The PICOLIBS project (3 years long project) brings together the CIMAP (Caen), the CORIA (Rouen) and the LOMC (Le Havre) laboratories to demonstrate the effectiveness of an innovative method for analyzing multi-elemental components called laser-induced breakdown spectroscopy (LIBS) made of picosecond pulses. This new and promising method for the analysis will be aimed at characterization of energy materials made with light elements.
This research project focuses on four objectives combining the skills of the three laboratories:
- the development of a fiber laser system for producing pulses of the order of picoseconds (10-12 s) ,
- the preparation of test materials
- the analysis of these materials and some industrial samples and, comparing the results with other spectroscopic methods (NRA and SIMS )
- the development of a modeling code explaining the properties of the picosecond pulses induced plasma.
The studied materials are components of nuclear or aerospace industry undergoing extreme stress in normal use. Those include:
- EUROFER steel used in nuclear fission reactors and subjected to neutron bombardment,
- tungsten tiles (plasma facing component) covering nuclear fusion reactors and undergoing deuterium bombardments
- CERASEP composite used in the combustion chambers of civil aviation engines and constrained to oxidation and corrosion reactions,
- TPS (thermal protection system) tiles covering spacecrafts during entry into the atmosphere and protecting them from oxidation and nitriding at these high temperatures.

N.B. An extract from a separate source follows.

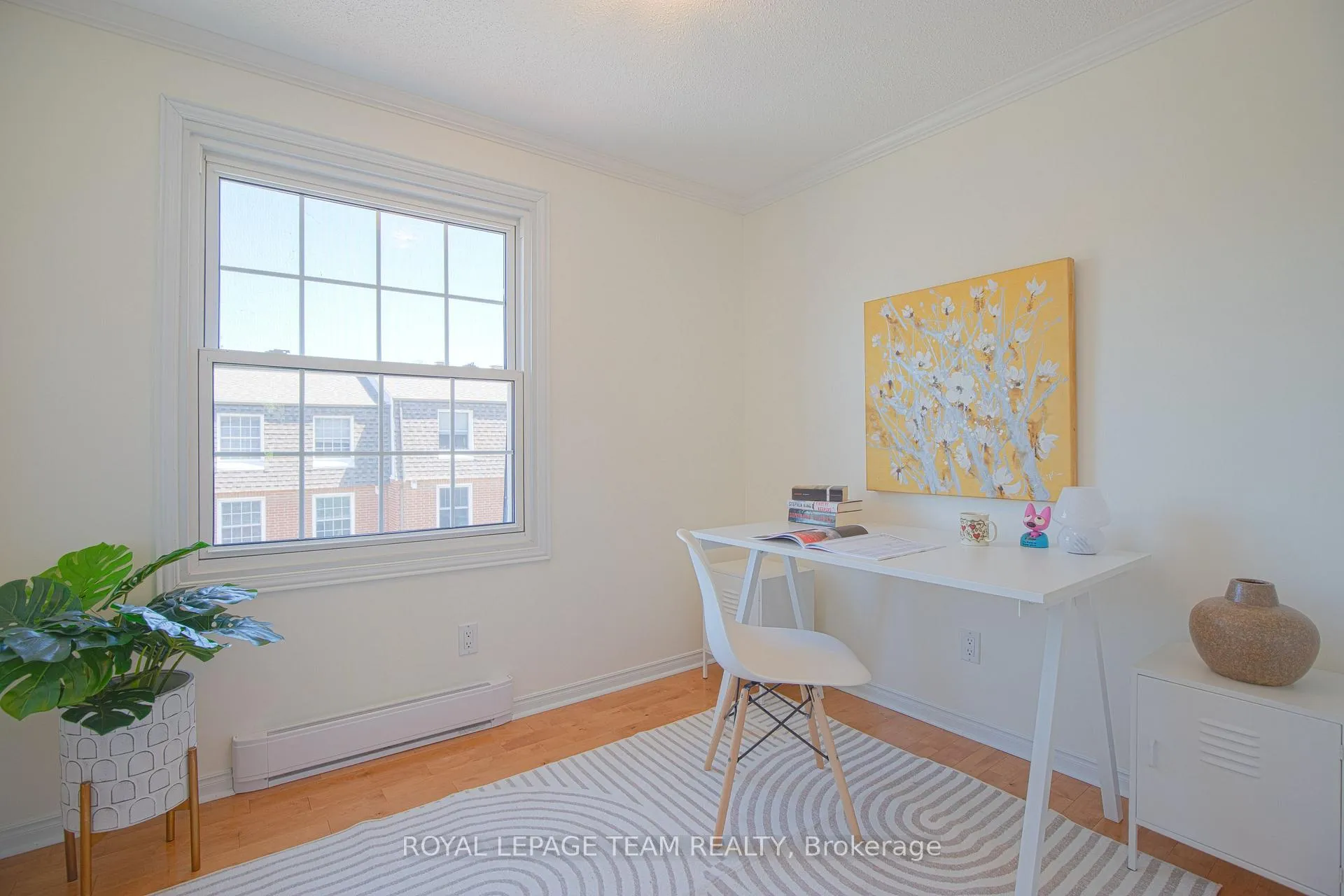 Photo 20 of 8 Moorside Private, Ottawa, Carleton Heights — HOMEH
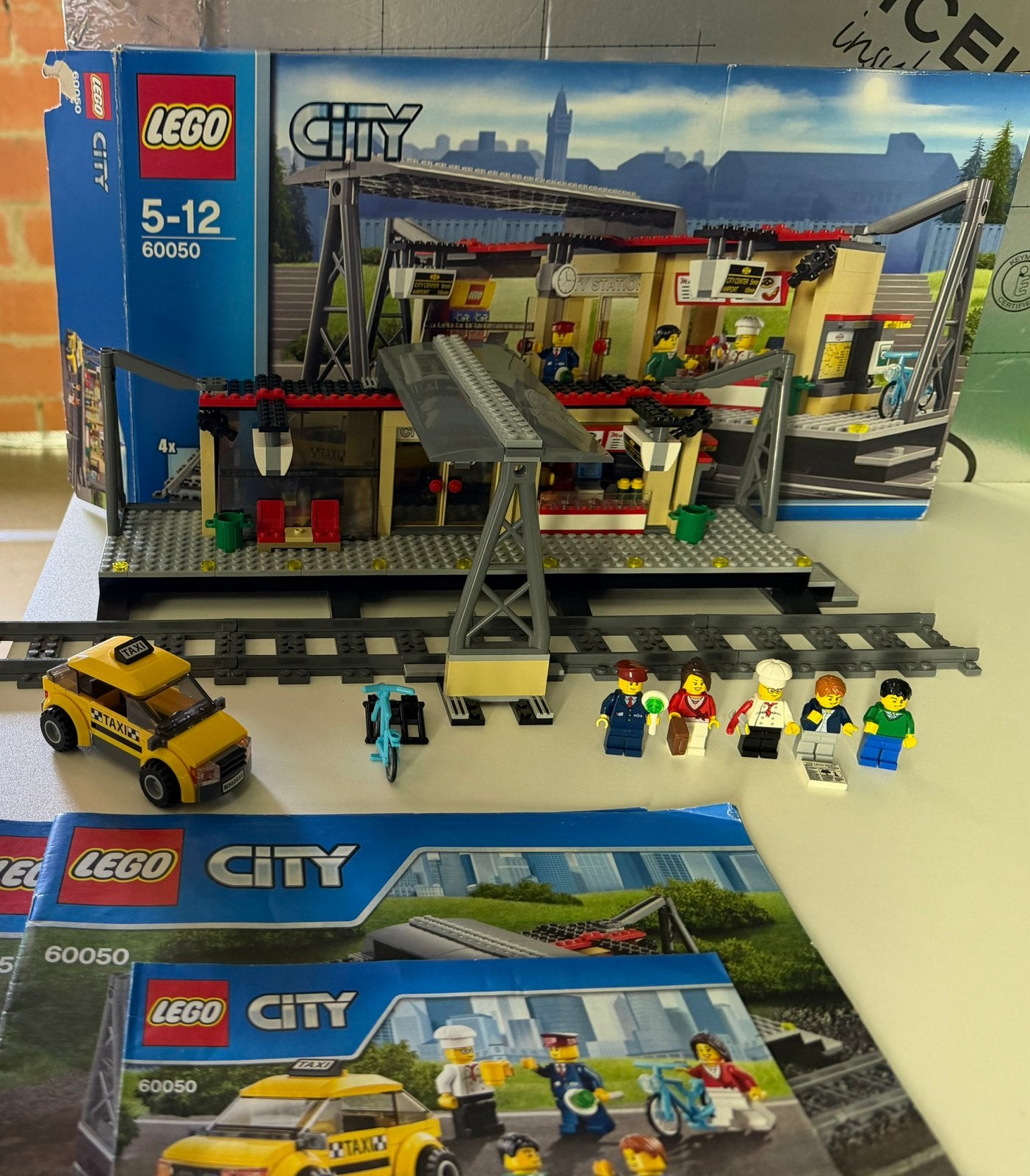 Lego 60050 treinstation 100% compleet!, Enlèvement ou Envoi, Comme neuf, Complet, Lego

The principle of the laser induced plasma spectroscopy (LIBS) is based on focusing a laser beam on a sample of the material causing the melting and evaporation thereof. The ionized gas then produced is a plasma brought to a high temperature and high pressure producing a shock wave.
LIBS analysis is the study of the emission spectrum of volatilized compounds. However, the quantitative analysis can be difficult when the composition of the plasma differs significantly from that of the sample. It is therefore necessary to go through the stages of pre-calibration to minimize matrix effects on analysis results.
Nevertheless, the passage of a nanosecond to a picosecond pulse minimizes a number of limiting factors in the usual LIBS spectroscopy such as matrix effects, thermodynamic imbalance, light diffusion species or background emission ("noise").
Teams in charge of the project hope PICOLIBS will bring many benefits in the field of spectroscopic analysis (LIBS), lasers with the development of a picosecond fiber laser module and the physics of heavy-electron collisions.